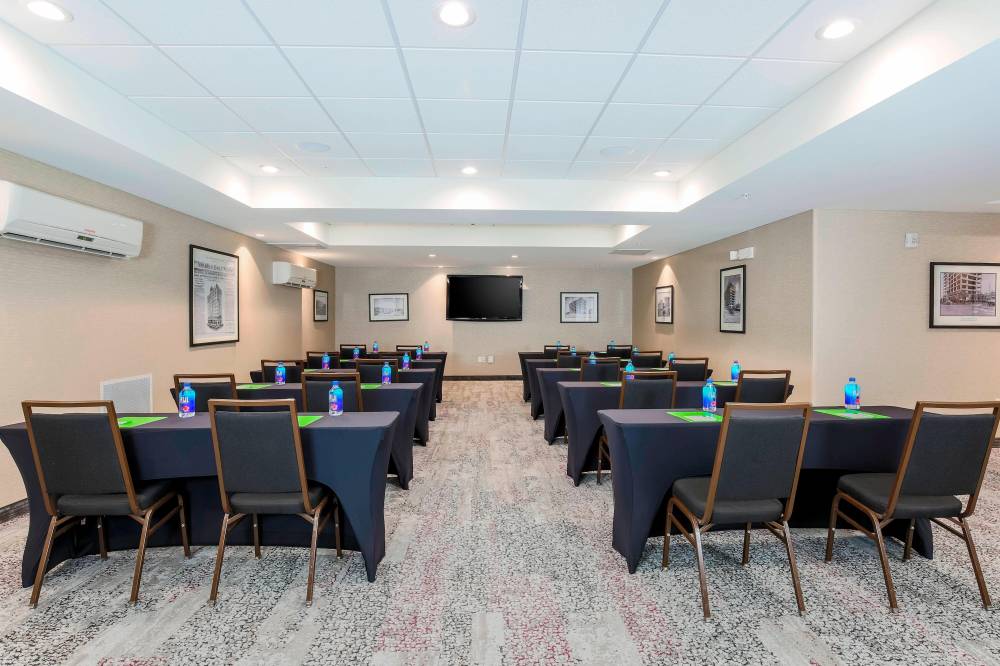 Courtyard By Marriott Amarillo Downtown 6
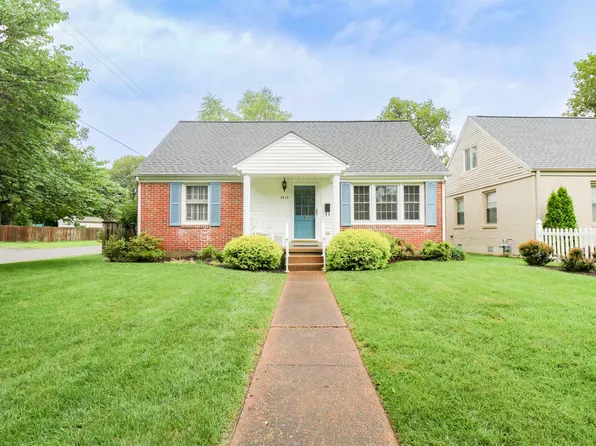 2567 Clay St, Paducah, KY 42001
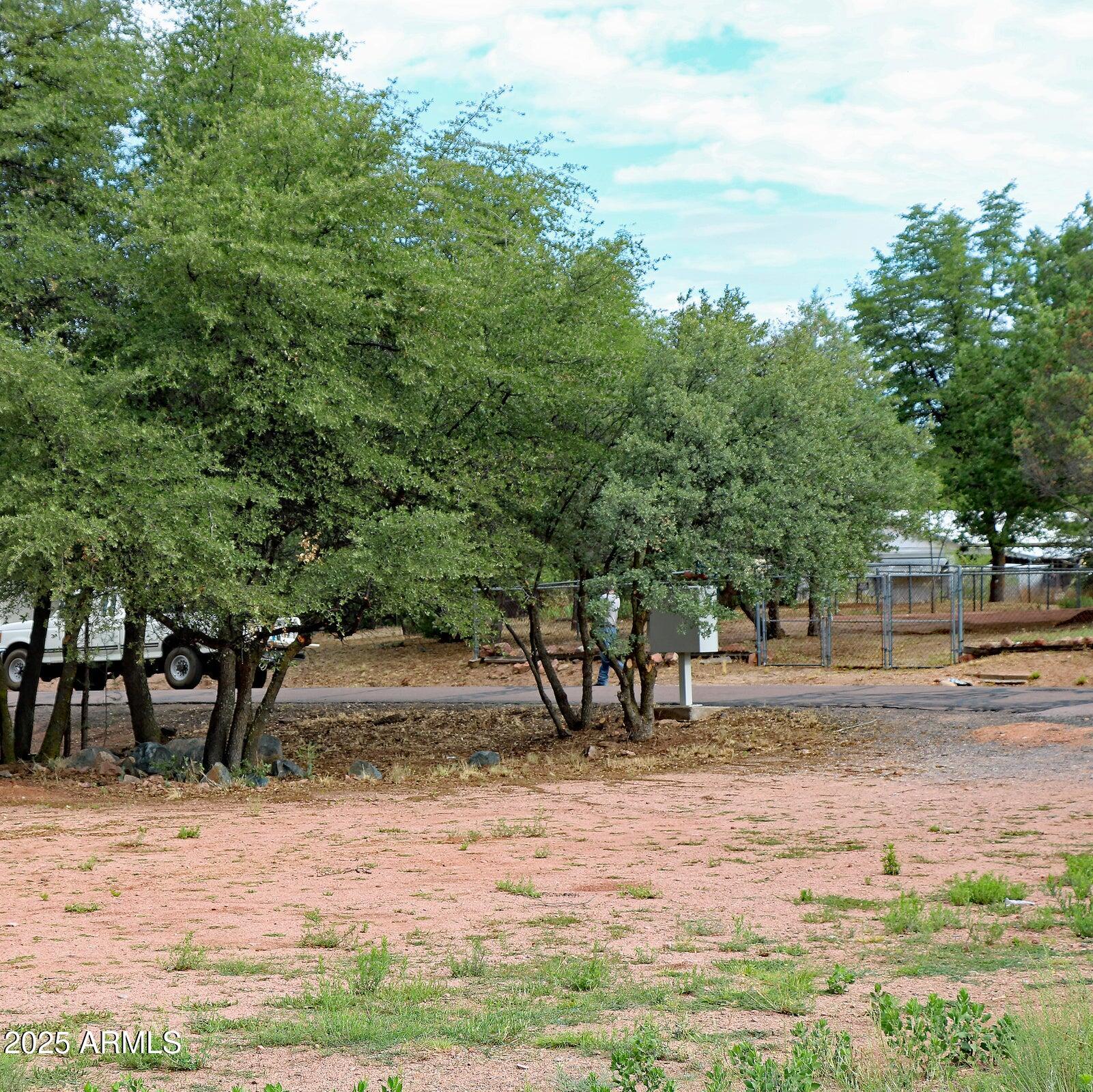 705 E MCKAMEY Street, 129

Assignment:
Nothing but the lines from the line containing "2567 Clay St, Paducah, KY 42001" through the last line of the listing above should appear, output exactly, with no pictures.

Exercise output:
 2567 Clay St, Paducah, KY 42001
 705 E MCKAMEY Street, 129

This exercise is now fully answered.